Stars are great drops
Of golden dew.
Down the street
A band is playing.
I love you.
Come,
Let us roam the night together
Singing.
Langston Hughes, “Harlem Night Song” from Selected Poems of Langston Hughes, © 1987 by the Estate of Langston Hughes.
Blossom
by Mary Oliver
In April
the ponds open
like black blossoms,
the moon
swims in every one;
there’s fire
everywhere: frogs shouting
their desire,
their satisfaction. What
we know: that time
chops at us all like an iron
hoe, that death
is a state of paralysis. What
we long for: joy
before death, nights
in the swale - everything else
can wait but not
this thrust
from the root
of the body. What
we know: we are more
than blood - we are more
than our hunger and yet
we belong
to the moon and when the ponds
open, when the burning
begins the most
thoughtful among us dreams
of hurrying down
into the black petals
into the fire,
into the night where time lies shattered
into the body of another.
Mary Oliver, “Blossom” from American Primitive, © 1983.
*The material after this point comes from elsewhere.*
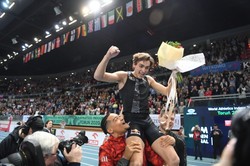 Armand Duplantis w Toruniu pobił rekord świata w skoku o tyczce [WIDEO]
Can of Black Paint, Can of White
by William Corbett
Moon through muzzy clouds
Pinstripe elegance
Schwitters found his
Black and white in the papers
Red Rose Frankfurts 1b 26c
Beech Nut Spaghetti Cans 25c
Sundry
Pictorai
August 2, 1936
“The sexist thing in Thomaston,”
Said the kilted
Wide striped of black and white
Waves above, seals bark
Caught in Walker’s eye
Pin Cushion island
Trees above boulders
Apron of seaweed
Yellow ochre
Writer’s cabin tilts
You look out, up, stuck
Light a cigar from block
Of imperfect ones
And the painting opens up
You credit the cigar, smoke
Aboriginal upside down V
Spear point, sun dazzle
Off incoming tide
Man walking tongue of land
And because he’s a Brit,
Shields come into play
The hand shakes down
Black lines
I didn’t and then I liked
My shaky hand
The air champagne
Jet night and moon full
White like a Maine
Farmhouse
And morning’s blue cap
And lower down
The light that is
No color but light
William Corbett, Can of Black Paint, Can of White, © Estate of William Corbett.
Ebb
by Edna St. Vincent Millay
I know what my heart is like
Since your love died:
It is like a hollow ledge
Holding a little pool
Left there by the tide,
A little tepid pool,
Drying inward from the edge.
© The Millay Society
To the Nameless One
by Marsden Hartley
You, who have power over
everything obscure
Listen – come over here, sit by
my side
and let me say the things I want
to say –
I want nothing in the way of artificial
heavens!
The earth is all I know of wonder.
I lived and was nurtured in the
magic of dreams
bright flames of spirit laughter
around all my seething frame.
(1940 – 1943)
Marsden Hartley, "To the Nameless One" from The Collected Poems of Marsden Hartley, 1904 – 1943, edited by Gail R. Scott, © 1987.
“The Earth Is All I Know of Wonder” served as the title for the 2019 Marsden Hartley retrospective organized by the Louisiana Museum of Modern Art, Denmark.